- The Washington Times - Wednesday, February 18, 2009


Nigeria sacked its ambassador to the United States, after less than a year in Washington, following a bitter conflict between the envoy and the country’s foreign minister, according to reports from the West African nation.

President Umaru Yar’Adua ordered Ambassador Oluwole Rotimi, a retired brigadier general who arrived here in April 2008, to return to Nigeria by the end of March. Baba Gana Wakil, the deputy chief of mission, will run the Nigerian Embassy on International Court until a new ambassador is appointed.

The recall followed months of tension between Mr. Rotimi and his superior, Foreign Minister Ojo Maduekwe, and culminated in a diplomatic dispute when Mr. Maduekwe arrived in Washington for President Obama’s inauguration last month, according to Nigerian news reports over the weekend.

At inaugural functions, Mr. Rotimi snubbed Mr. Maduekwe by introducing a lower-ranking official as head of the official Nigerian delegation. Later he broke diplomatic protocol by refusing to accompany Mr. Maduekwe to Dulles International Airport for his return trip to Nigeria.

The spat between the two men grew bitter last year when Mr. Rotimi disparaged Mr. Maduekwe in a letter in which the ambassador called the foreign minister a “tribalist,” an insult in Nigeria where rivalries among the nation’s 400 tribes have often spilled over into violence. Mr. Maduekwe holds the rank of a chief among the Ibo people, one of the main tribes. Mr. Rotimi is a Yoruba, another major tribe.

In is letter, Mr. Rotimi also referred to his military leadership in the Biafran war in the 1960s that put down a rebellion led by Ibo tribesmen seeking independence.

“I have dealt with people like you in the past,” Mr. Rotimi wrote to Mr. Maduekwe, according to a report in the Nigerian newspaper, This Day. “I was the adjutant-general of the Nigerian army that thoroughly defeated your ragtag Biafran army.”

In another letter, the ambassador also accused the foreign minister of “unwarranted, malicious and untruthful” remarks to the president in memos in which Mr. Maduekwe questioned Mr. Rotimi’s ability to run the embassy, according to saharareporters.com.

Mr. Maduekwe responded with a letter to the president and enclosed Mr. Rotimi’s letter.

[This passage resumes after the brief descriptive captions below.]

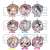 Love Live! Sunshine!! Acrylic Trading Key Ring Ver.8 (Set of 9) (Anime Toy) Item picture1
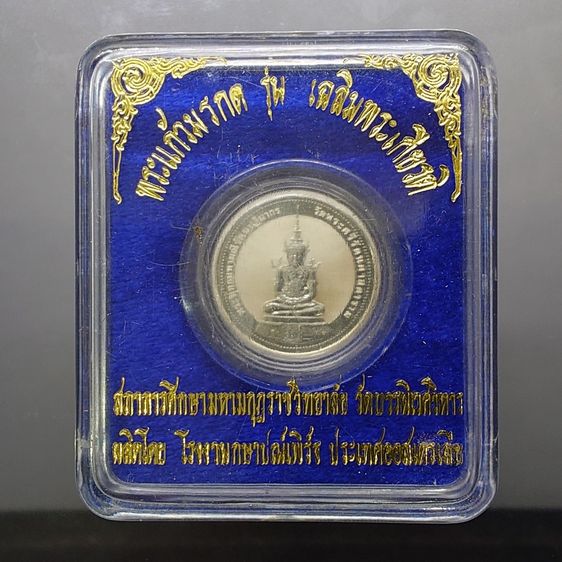 เหรียญพระแก้วมรกต ทรงฤดูร้อน หลัง สธ รุ่นเฉลิมพระเกียรติ วัดบวรนิเวศวิหาร ปี 2537 เนื้อเงินขัดเงาพ่นทราย ขนาด 2.5 เซน บล็อก Pert Mint ออสเตร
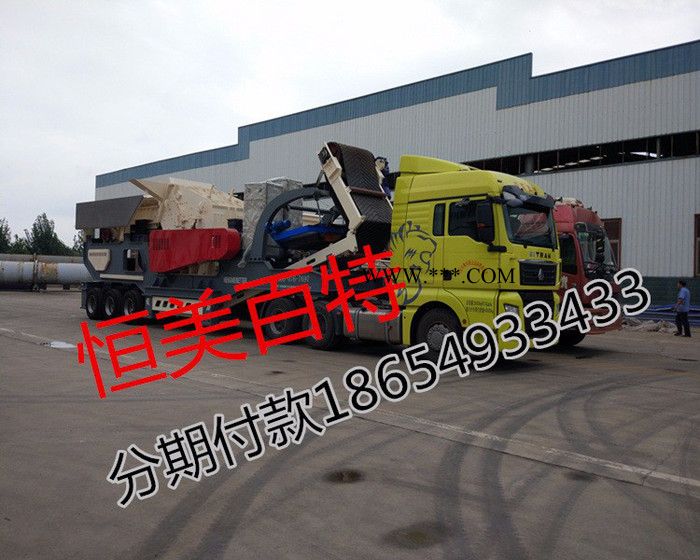 恒美百特反击式破碎机 建筑垃圾破碎站 颚式破碎机价格图2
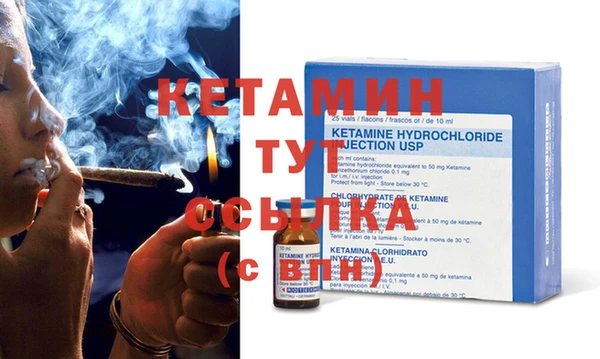 наркотики Апатиты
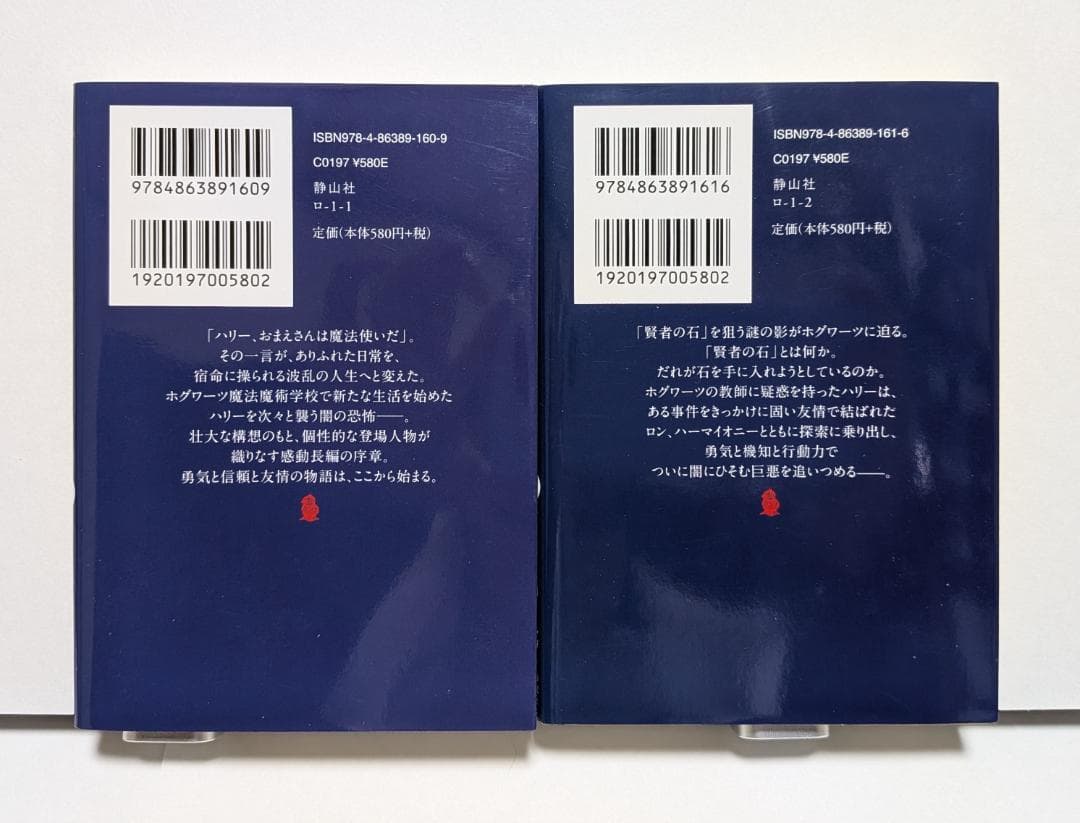 ハリー・ポッター 文庫版 全21巻セット ＋ 吟遊詩人ビードルの物語　静山社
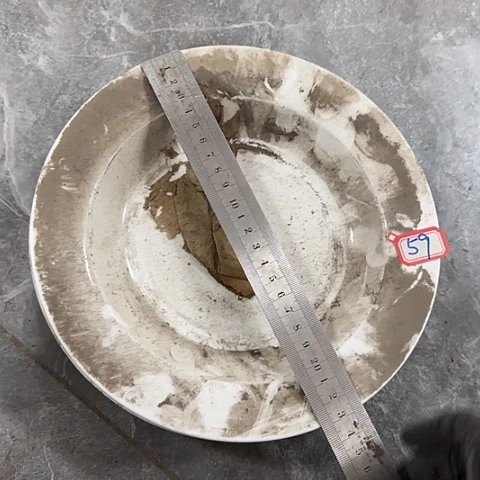 瓷片国营厂23厘米59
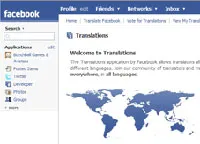 Facebook перекладуть українською?
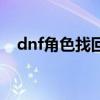 dnf角色找回多久能恢復（dnf角色找回）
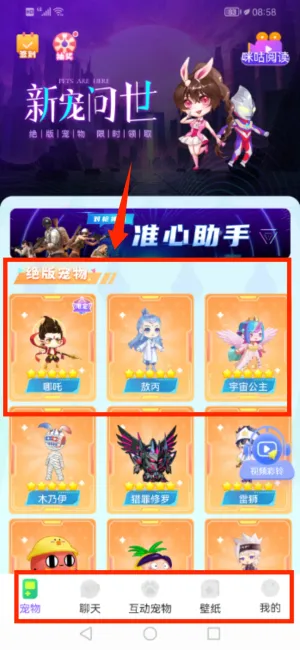 图图宠物(桌面宠物互动) 图图宠物(桌面宠物互动)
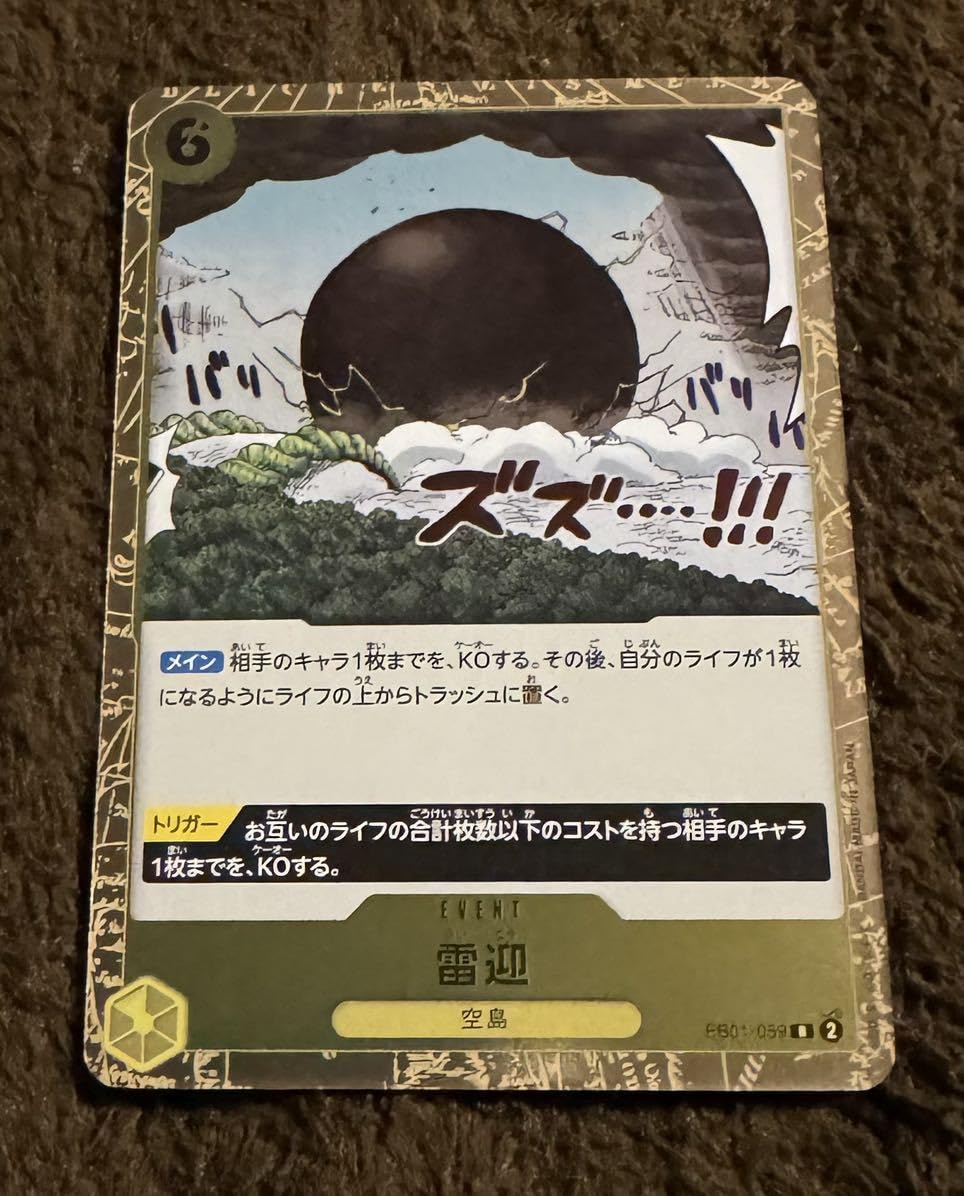 Amazon.co.jp: ONE PIECE ワンピース カードゲーム 雷迎 R EB01-059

“His memos to me drip with fundamental contempt for my person and office,” the foreign minister said. “The innuendoes and direct insults are so clear that I refrain from dignifying them with contempt.”

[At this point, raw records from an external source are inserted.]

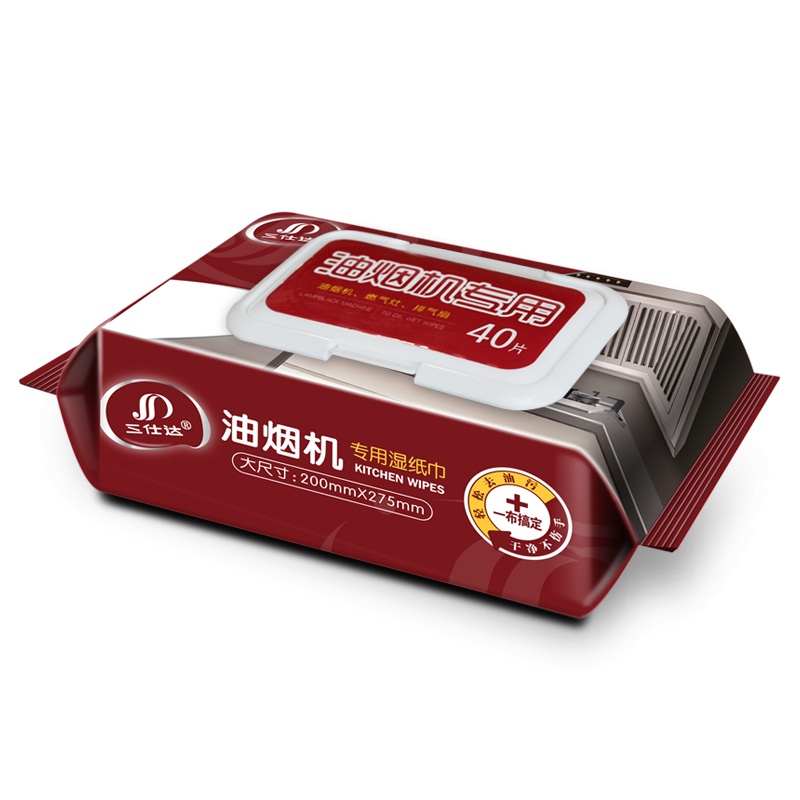 三仕达厨房湿巾纸吸油烟机专用清洁去油污湿纸巾家用去污抽纸40片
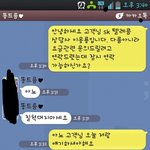 남자도 고객센터 스킬을 쓸수 있다!!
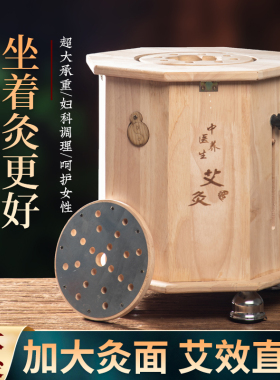 真实木控温加高实木艾灸坐灸凳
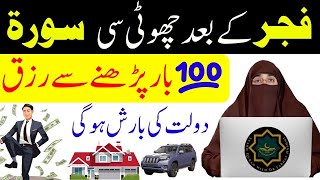 Fajar Ki Namaz Ke Bad Choti Si Surat  By Dr Farhat Hashmi Bayan [upl. by Eniladam74]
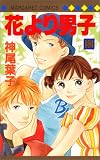 花より男子(だんご) (32)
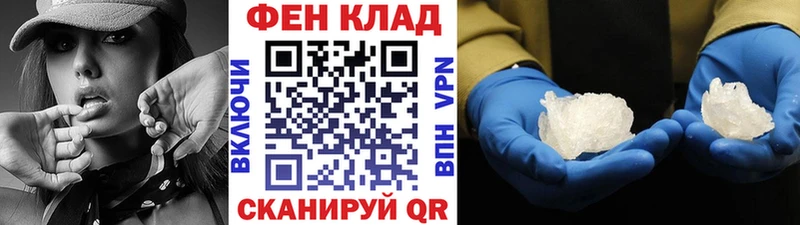 Метамфетамин Methamphetamine Олёкминск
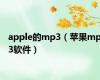 apple的mp3（苹果mp3软件）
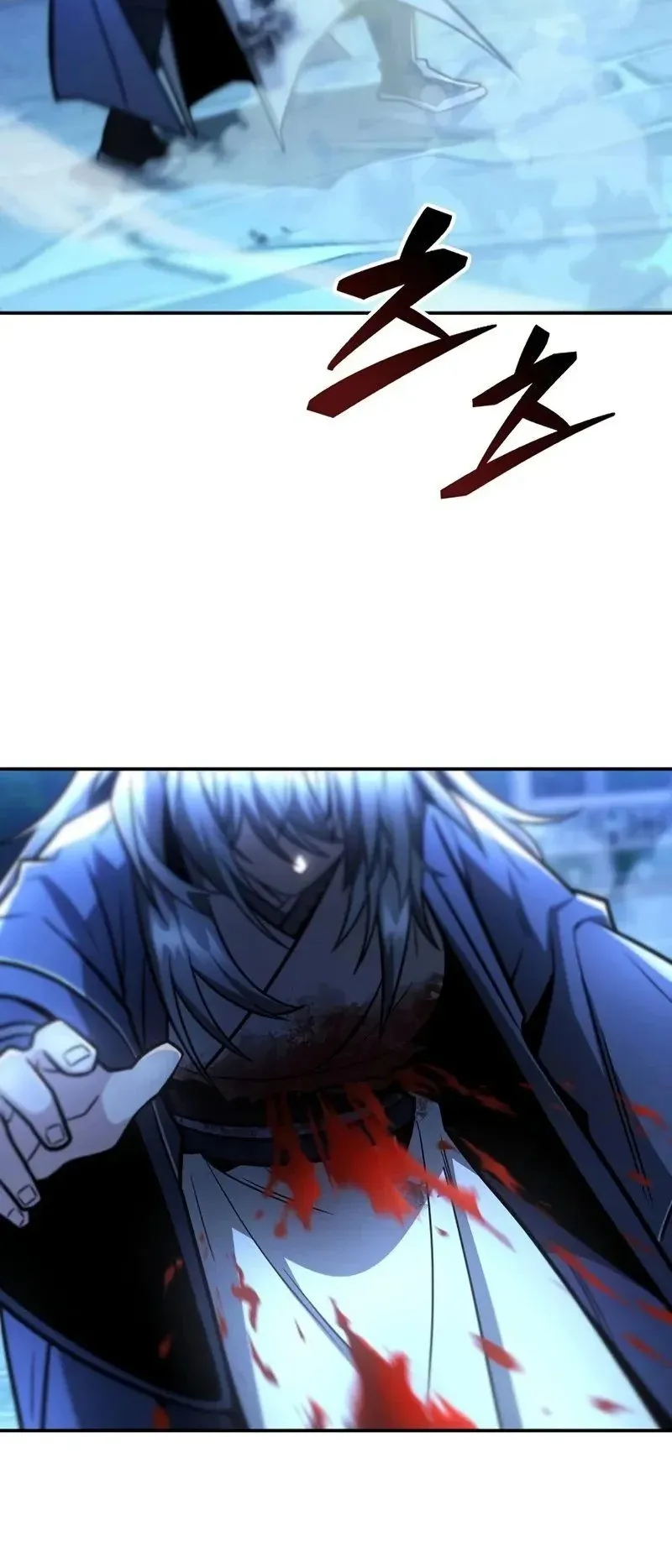 Mount Hua Sect’s Genius Phantom Swordsman ตอนที่ 31 หน้า 57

An independent federal agency dedicated to promoting religious freedom is urging Hillary Rodham Clinton to raise the issue of religious persecution Friday when she makes her first visit to China as secretary of state.

The United States Commission on International Religious Freedom asked her to “speak as eloquently about religious freedom and related human rights in China as you did about the human rights of women at the 1995 Beijing World Conference on Women.”

“Many religious adherents and human rights defenders in China are subject to severe and ongoing repression,” the commission said in a letter to Mrs. Clinton last week.

The commission cited discrimination against “unregistered” Christians, noting reports that 637 Protestants of unlicensed churches were arrested last year. The commission called for an end to “religious discriminations” against Uighur Muslims and said that repression of religion in Tibet “may be worse now than at any time in the commission’s 10-year history.”

Mrs. Clinton left Sunday for stops in Japan, Indonesia, South Korea and China.